What this task involves » Somewhere below are a line with "Pożar drewnianego domu w Krempnej" and a later line with "Ensemble collier et". Output exactly those lines and all lines between them.

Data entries
▶

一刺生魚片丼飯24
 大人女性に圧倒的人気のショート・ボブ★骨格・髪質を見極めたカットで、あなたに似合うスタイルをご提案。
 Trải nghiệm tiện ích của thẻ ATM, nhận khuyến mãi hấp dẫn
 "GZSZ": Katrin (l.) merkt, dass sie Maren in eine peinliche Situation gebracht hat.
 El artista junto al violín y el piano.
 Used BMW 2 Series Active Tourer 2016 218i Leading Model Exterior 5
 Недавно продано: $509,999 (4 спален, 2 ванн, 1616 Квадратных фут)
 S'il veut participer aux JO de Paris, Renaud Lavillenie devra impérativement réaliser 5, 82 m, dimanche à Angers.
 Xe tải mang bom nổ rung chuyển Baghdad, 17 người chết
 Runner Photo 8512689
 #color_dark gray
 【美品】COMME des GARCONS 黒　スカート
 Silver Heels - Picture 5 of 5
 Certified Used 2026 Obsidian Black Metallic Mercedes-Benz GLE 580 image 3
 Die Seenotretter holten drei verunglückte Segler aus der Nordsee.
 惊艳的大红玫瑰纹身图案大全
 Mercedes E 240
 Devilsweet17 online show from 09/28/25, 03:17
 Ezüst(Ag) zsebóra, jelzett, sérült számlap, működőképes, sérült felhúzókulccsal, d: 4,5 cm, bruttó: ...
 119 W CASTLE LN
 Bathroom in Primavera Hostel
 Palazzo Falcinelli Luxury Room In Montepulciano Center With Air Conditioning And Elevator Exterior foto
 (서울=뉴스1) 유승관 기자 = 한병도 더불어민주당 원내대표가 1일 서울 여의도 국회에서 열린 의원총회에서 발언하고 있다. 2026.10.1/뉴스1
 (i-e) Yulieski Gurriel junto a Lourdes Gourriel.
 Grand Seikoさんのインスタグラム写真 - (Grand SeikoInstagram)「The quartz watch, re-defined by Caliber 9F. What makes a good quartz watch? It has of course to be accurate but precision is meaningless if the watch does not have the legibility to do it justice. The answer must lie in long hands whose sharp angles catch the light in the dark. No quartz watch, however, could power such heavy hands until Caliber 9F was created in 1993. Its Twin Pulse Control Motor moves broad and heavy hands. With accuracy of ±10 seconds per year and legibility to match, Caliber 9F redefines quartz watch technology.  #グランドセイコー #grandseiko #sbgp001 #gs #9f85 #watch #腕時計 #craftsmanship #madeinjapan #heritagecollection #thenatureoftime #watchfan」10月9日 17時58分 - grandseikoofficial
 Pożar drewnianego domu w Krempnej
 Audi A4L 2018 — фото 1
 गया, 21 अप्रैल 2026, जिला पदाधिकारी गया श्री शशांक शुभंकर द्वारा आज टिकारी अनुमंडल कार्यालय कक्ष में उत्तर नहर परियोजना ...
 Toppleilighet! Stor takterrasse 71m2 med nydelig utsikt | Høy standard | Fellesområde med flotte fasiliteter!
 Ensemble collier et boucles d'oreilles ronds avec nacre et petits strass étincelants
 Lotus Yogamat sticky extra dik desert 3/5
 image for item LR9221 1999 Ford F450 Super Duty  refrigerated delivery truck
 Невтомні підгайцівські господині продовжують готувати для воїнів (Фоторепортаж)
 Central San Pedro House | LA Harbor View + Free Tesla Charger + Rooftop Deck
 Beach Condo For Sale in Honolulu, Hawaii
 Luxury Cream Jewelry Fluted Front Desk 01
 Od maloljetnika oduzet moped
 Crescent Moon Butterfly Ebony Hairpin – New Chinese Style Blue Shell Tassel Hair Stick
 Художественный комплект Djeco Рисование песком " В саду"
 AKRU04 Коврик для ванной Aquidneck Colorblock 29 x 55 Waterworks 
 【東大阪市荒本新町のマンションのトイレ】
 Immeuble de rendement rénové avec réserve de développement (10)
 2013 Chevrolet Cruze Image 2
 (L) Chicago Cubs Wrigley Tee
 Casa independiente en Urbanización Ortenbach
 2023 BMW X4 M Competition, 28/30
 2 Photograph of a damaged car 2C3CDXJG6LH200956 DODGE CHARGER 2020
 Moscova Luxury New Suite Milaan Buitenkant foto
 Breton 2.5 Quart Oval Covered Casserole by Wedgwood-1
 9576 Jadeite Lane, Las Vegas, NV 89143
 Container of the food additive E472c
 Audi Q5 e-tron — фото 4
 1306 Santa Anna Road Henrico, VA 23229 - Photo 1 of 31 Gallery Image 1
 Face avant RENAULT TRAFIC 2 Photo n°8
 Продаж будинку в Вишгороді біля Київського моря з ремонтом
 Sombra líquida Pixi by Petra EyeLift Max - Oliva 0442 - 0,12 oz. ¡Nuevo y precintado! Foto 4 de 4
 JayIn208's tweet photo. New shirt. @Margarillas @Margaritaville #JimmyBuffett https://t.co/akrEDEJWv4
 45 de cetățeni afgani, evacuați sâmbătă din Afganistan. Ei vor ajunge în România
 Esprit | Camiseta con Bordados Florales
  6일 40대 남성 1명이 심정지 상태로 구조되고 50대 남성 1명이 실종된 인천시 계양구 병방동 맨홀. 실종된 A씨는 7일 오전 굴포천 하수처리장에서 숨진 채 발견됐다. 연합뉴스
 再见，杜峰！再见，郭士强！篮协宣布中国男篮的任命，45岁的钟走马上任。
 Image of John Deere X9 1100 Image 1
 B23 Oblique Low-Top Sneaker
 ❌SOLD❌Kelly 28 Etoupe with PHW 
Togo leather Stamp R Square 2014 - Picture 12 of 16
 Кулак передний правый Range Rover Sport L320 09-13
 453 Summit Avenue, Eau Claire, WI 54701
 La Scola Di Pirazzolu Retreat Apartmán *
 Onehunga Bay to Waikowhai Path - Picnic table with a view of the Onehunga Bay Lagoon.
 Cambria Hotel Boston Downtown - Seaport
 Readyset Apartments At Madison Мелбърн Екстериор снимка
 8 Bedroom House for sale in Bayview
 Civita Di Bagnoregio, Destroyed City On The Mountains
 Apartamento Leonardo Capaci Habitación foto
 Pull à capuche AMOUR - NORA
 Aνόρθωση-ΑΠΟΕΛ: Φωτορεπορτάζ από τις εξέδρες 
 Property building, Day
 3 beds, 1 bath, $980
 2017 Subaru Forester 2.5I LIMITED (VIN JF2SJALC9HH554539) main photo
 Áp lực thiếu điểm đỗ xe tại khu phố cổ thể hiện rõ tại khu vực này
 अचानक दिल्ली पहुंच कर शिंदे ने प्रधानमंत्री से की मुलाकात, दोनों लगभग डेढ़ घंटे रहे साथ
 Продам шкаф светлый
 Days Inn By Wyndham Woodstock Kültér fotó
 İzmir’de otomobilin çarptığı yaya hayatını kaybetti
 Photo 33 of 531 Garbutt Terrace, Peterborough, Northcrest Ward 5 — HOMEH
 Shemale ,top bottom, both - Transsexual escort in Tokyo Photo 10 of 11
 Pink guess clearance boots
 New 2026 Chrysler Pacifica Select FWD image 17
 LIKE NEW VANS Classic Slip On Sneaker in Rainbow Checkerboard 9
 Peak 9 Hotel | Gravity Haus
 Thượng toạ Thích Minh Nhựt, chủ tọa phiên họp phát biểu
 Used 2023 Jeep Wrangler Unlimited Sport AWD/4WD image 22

◀

Written solution »
 Pożar drewnianego domu w Krempnej
 Audi A4L 2018 — фото 1
 गया, 21 अप्रैल 2026, जिला पदाधिकारी गया श्री शशांक शुभंकर द्वारा आज टिकारी अनुमंडल कार्यालय कक्ष में उत्तर नहर परियोजना ...
 Toppleilighet! Stor takterrasse 71m2 med nydelig utsikt | Høy standard | Fellesområde med flotte fasiliteter!
 Ensemble collier et boucles d'oreilles ronds avec nacre et petits strass étincelants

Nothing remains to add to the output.